After assessing the five pieces of legislation that have cleared different committees of Congress, the non-partisan Congressional Budget Office found that the nation would get the most savings on health-care costs from a public option tied to Medicare rates. Such a version, which is included in two of the House bills, would save an estimated $110 billion over 10 years.

A more modest public option in another House bill, which de-links the rates from Medicare and would require negotiations with health-care providers, would save an estimated $25 billion, the CBO says. By contrast, the co-op idea in Sen. Max Baucus’s Finance Committee bill would cost $6 billion to set up and would garner few if any savings.

Since the co-op would offer minimal competition, the health-insurance industry doesn’t object to it but is dead set against the public option. The reason is obvious:  many of those projected savings would come out of the industry’s bottom line.

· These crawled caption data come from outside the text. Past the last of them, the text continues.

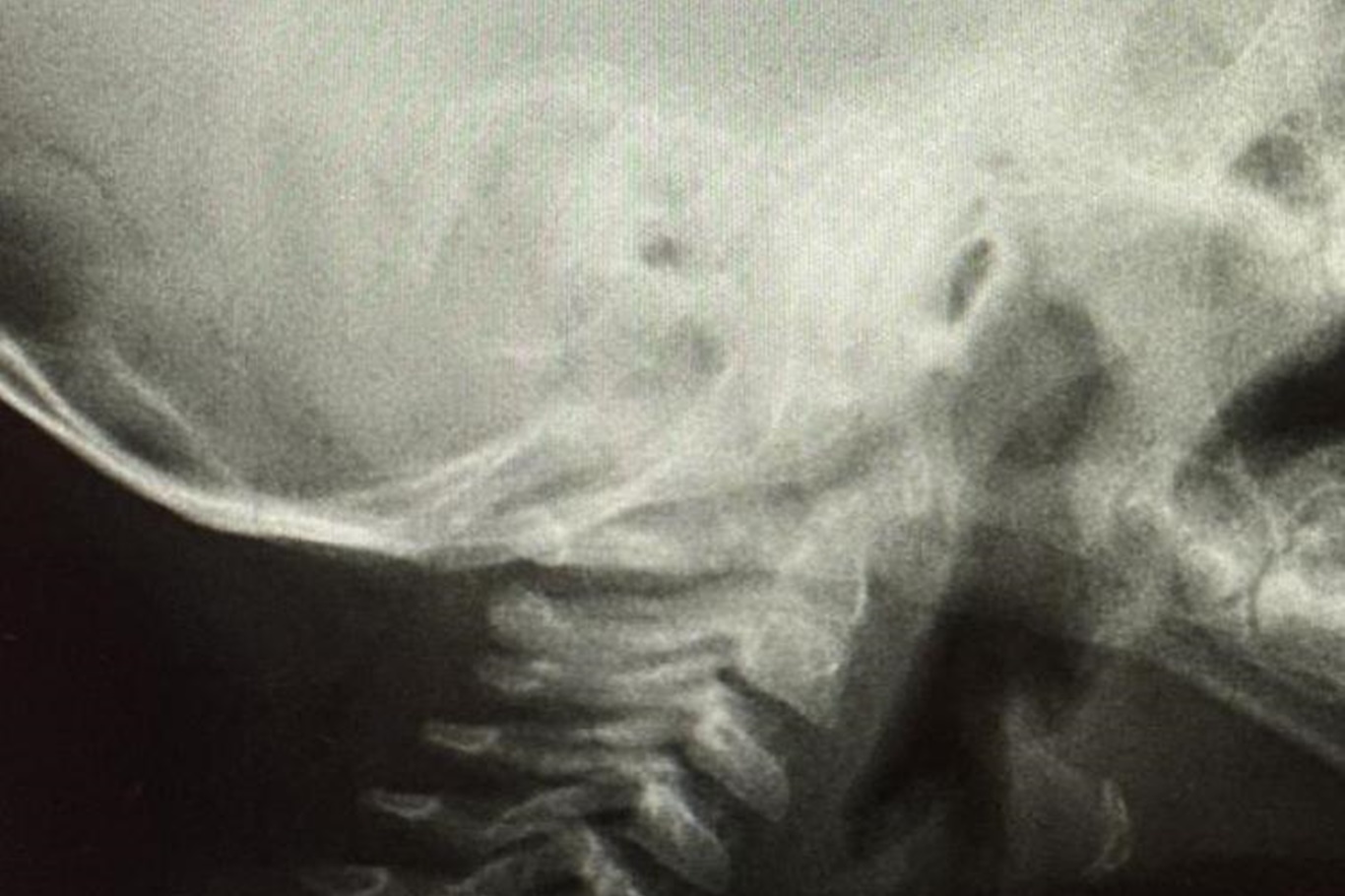 Op. Dr. Özkaya'dan çocuklarda yabancı cisim ve kimyasal madde uyarısı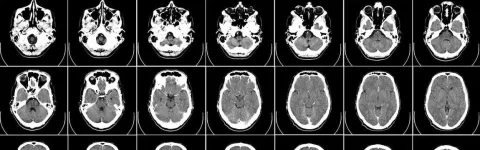 a black and white image of Brain scans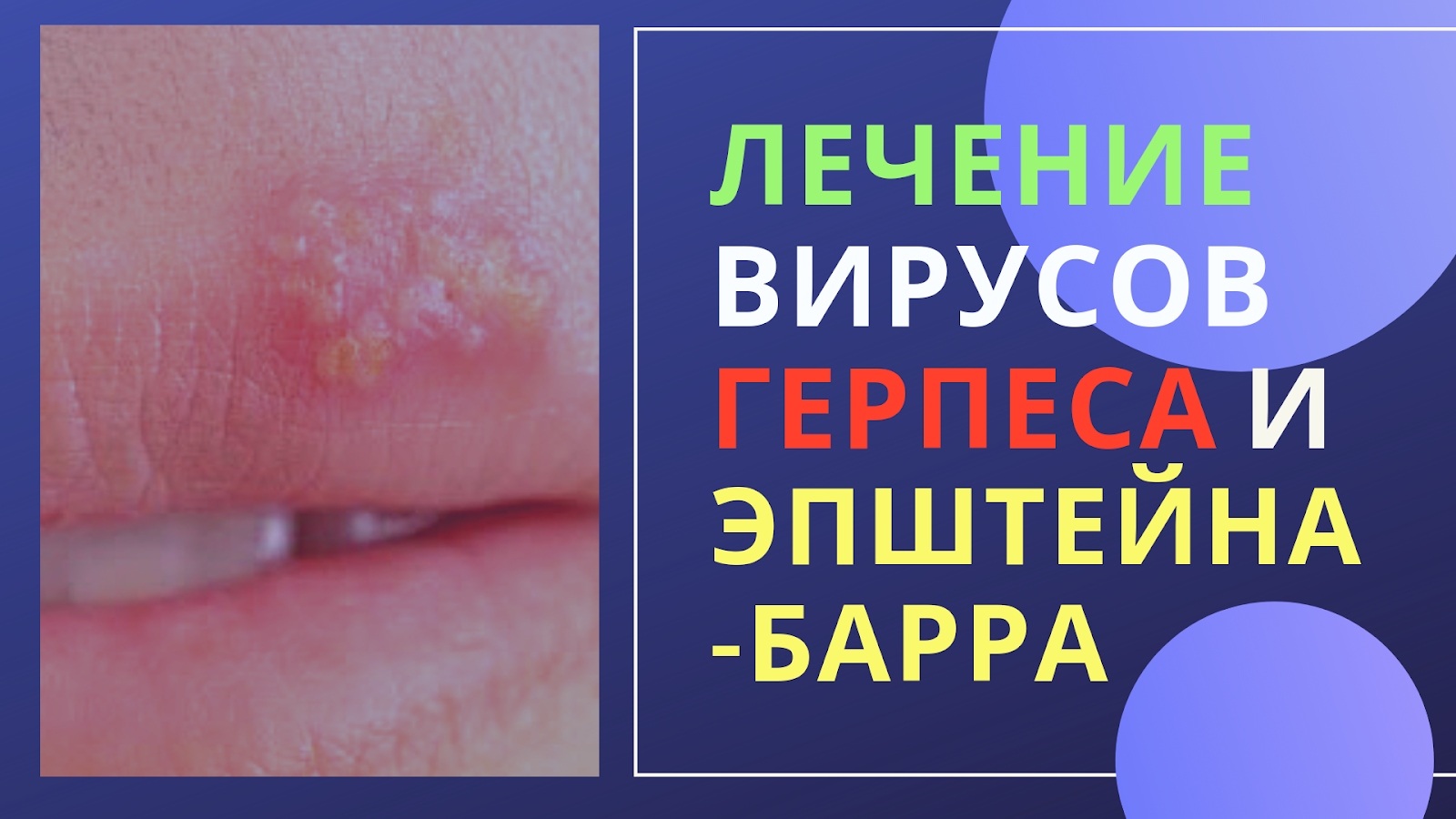Лечение вируса герпеса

What the industry does want is a bill that forces nearly 50 million uninsured Americans, including healthy young people, to buy private insurance, many with government subsidies, a potential bonanza. The industry also wants the federal government to act as the enforcer to coerce these people by hitting them with stiff fines if they don’t sign up.

The level of government coercion is important to the industry. This week, America’s Health Insurance Plans, the industry’s lobbying arm, broke with the industry-friendly Baucus bill because of its relatively weak penalties of only a few hundred dollars a year assessed against people who don’t buy insurance.

AHIP feared that the fines wouldn’t be coercive enough to force young people to buy insurance. Therefore, the industry worries that many of the new sign-ups would be customers the industry doesn’t want, people who actually need medical attention.

So, industry lobbyists warned that if Congress didn’t raise the fines on the uninsured, the industry would jack up its premiums across the board. "The consequences of this would be an upward spiral; rate shock to everyone who stays in," AHIP president Karen Ignagni said. [ Washington Post, Oct. 9, 2009]

Risking a Backlash

In firing that shot across the bow of Congress, the industry did risk a backlash, the possible revival of the public option, the industry’s biggest worry since the debate began last spring.

Early in the congressional battle, Republicans cited an industry-sponsored study by the Lewin Group, projecting that the inclusion of a public option could lead to the defection of 119 million Americans from private insurance to the government-run plan.